Grant M. Fitzwilliam resigned his position as Executive Vice President, Finance and Chief Financial Officer of the Company effective August 1, 2007. In connection with Mr. Fitzwilliam’s departure, his employment agreement with the Company has been amended to permit all restricted stock units previously granted to Mr. Fitzwilliam, with the exception of the restricted stock units granted to him on February 16, 2007, to vest according to their respective vesting schedules notwithstanding the termination of his employment on August 1, 2007.

Effective August 1, 2007, the Company’s Board of Directors (the “Board”) appointed Robert A. Ramirez as Executive Vice President, Finance and Chief Financial Officer of the Company. Mr. Ramirez, 41, has served as Corporate Controller, Finance of the Company since July 2006. Mr. Ramirez served as Senior Director, Finance and Practice Controller of the Company from October 2005 to July 2006 when he was named Corporate Controller. Mr.
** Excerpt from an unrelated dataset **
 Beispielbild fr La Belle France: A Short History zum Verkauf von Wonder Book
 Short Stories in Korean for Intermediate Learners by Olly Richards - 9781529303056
Ramirez held a variety of other positions within the Company’s business intelligence, finance transformation and retail consulting practices from 1998 to 2005. Prior to joining the Company in 1998, Mr. Ramirez was Director and SG&A Controller of Burger King Corporation. There are no arrangements or understandings between Mr. Ramirez and any other person pursuant to which Mr. Ramirez was selected to serve as the Company’s Chief Financial Officer. There are no family relationships between Mr. Ramirez and any director or executive officer of the Company. There have been no transactions nor are there any proposed transactions between the Company and Mr. Ramirez that would require disclosure pursuant to Item 404(a) of Regulation S-K.

In connection with his appointment as Executive Vice President, Finance and Chief Financial Officer, Mr. Ramirez entered into an employment agreement with the Company effective as of August 1, 2007. Mr. Ramirez’s employment agreement has a three-year term (with an automatic renewal for one additional year thereafter on each subsequent anniversary unless either party gives contrary notice) and provides for a current annual salary of $275,000, plus a bonus pursuant to a bonus plan to be adopted by the Board of Directors for each fiscal year. In the event Mr. Ramirez is terminated by the Company without “cause” (as defined) or Mr. Ramirez terminates his employment with “good reason” (as defined), Mr. Ramirez will be entitled to a severance payment at the rate of his annual salary and benefits for a six-month period from the date of termination, extendable to a one-year period at the election of the Company. In the event Mr. Ramirez finds new employment after termination, the Company may eliminate or reduce such severance payments and benefits. If Mr. Ramirez’s employment is terminated by the Company without cause or by Mr. Ramirez with good reason, in either case in anticipation of, in connection with or within one year after a “change of control” (as defined), his salary and benefits will be continued for one year and all restricted stock, restricted stock units, stock options and any other contingent or deferred compensation awards then held by him will become fully vested and non-forfeitable. In addition, the Company’s employment agreement with Mr. Ramirez contains provisions regarding confidentiality, proprietary information and work product, non-competition and non-solicitation.

 

Item 9.01. Financial Statements and Exhibits.

(d) Exhibits

See Exhibit Index attached hereto.


SIGNATURES

Pursuant to the requirements of the Securities Exchange Act of 1934, the registrant has duly caused this report to be signed on its behalf by the undersigned hereunto duly authorized.

 

   

ANSWERTHINK, INC.

Date: July 31, 2007   By:  

/s/ Grant Fitzwilliam

    Grant Fitzwilliam
    Executive Vice President, Finance and Chief Financial Officer


Exhibit Index

 

Exhibit No.

 

Description

99.1

  Press Release of Answerthink Inc., dated July 31, 2007.